Two of the most exciting stars in the UFC lost last night, badly. Don Rowe describes what happened and pays homage to the omnipotent power of chaos in the sport of sanctioned violence.
If UFC president Dana White had any hair left on his shining bald dome, it would have been violently pulled out by the roots last night when Nate Diaz wrung the neck of Conor ‘The Golden Goose’ McGregor.
Things were already looking grim for the UFC when Holly Holm was choked unconscious in the fifth round by perennial contender Miesha ‘Cupcake’ Tate. As the revenue stream from an eventual Rousey rematch was cut-off like the blood to Holm’s brain, White and Co. would have consoled themselves that at least there was one blonde-haired, white-skinned moneymaker left on top.
They had every reason to be confident.
Riding high on a 15 fight win streak with 13 knockouts and a submission, McGregor had looked almost immortal for half a decade, breaking necks and cashing cheques like Ronda Rousey on steroids. Hell, at Rousey’s last fight in November, the Etihad stadium in Melbourne was replete with Irish tricolours and bearded McGregor lookalikes despite The Notorious being on the other side of the planet.
Opposite McGregor, Nate Diaz was the sacrificial lamb. Tough enough to take a few shots and make a fight of it, but ultimately too slow, too weak and too much of a target to pose much of a threat to MMA’s first million dollar man. Plus, coming into the fight on ten days notice, Diaz barely had a chance to lace up his sparring gloves before it was time to throw down for real in front of the baying Irish hordes.
From the opening bell, it looked like another early night for McGregor.
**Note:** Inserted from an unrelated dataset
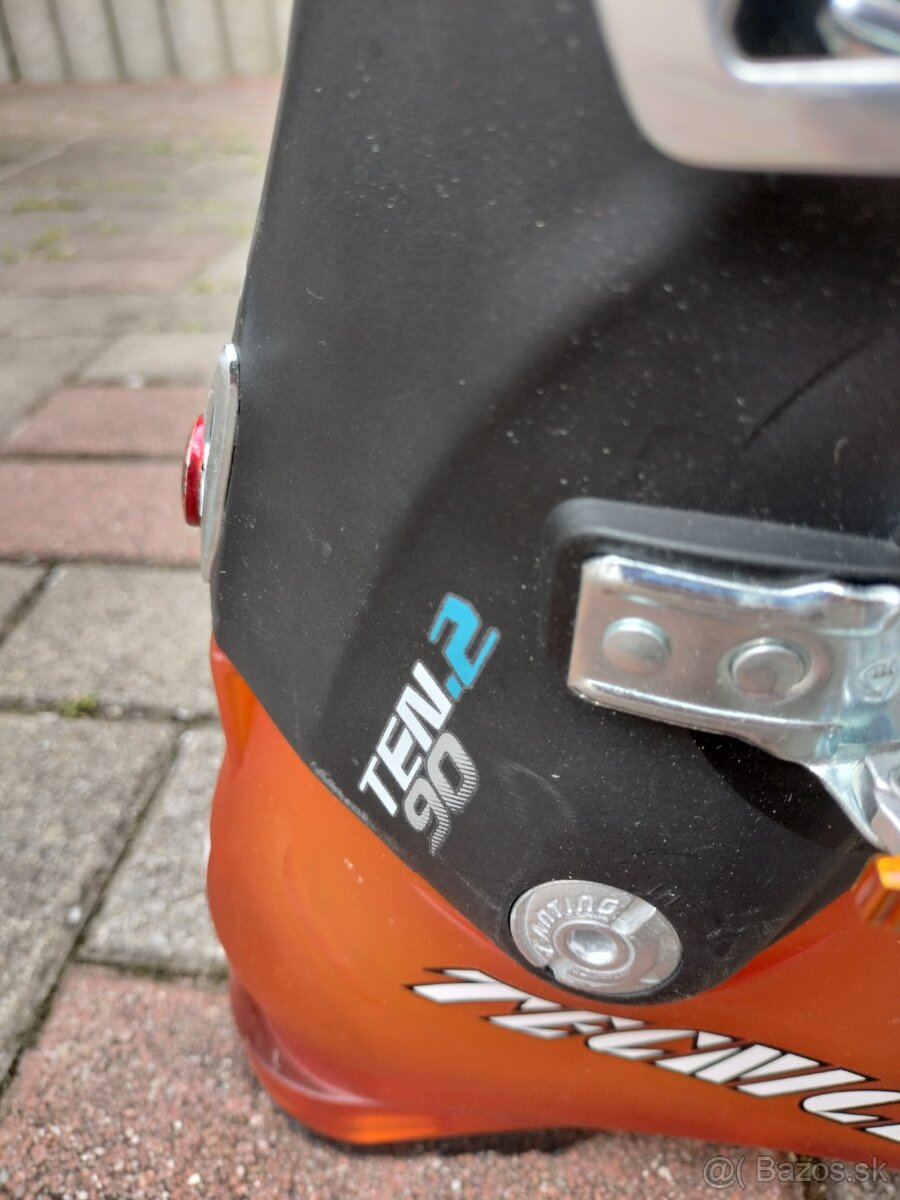 Lyžiarka výstroj - 5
Working predominately off the left-hand, his most powerful, McGregor cracked Diaz with straight shots, hooks and even a sneaky uppercut that had the bigger man cut badly and spraying blood just over halfway through the round. Diaz had his moments, landing several stiff jabs and even a couple of uncharacteristic kicks, but it was McGregor throwing heat and doing damage.
Coming into round two, it was more of the same from McGregor, slinging full-power shots at Diaz and continuing to work on his cut and bruised eye. The bleeding worsened, and Diaz looked at risk of losing via a doctor-enforced stoppage.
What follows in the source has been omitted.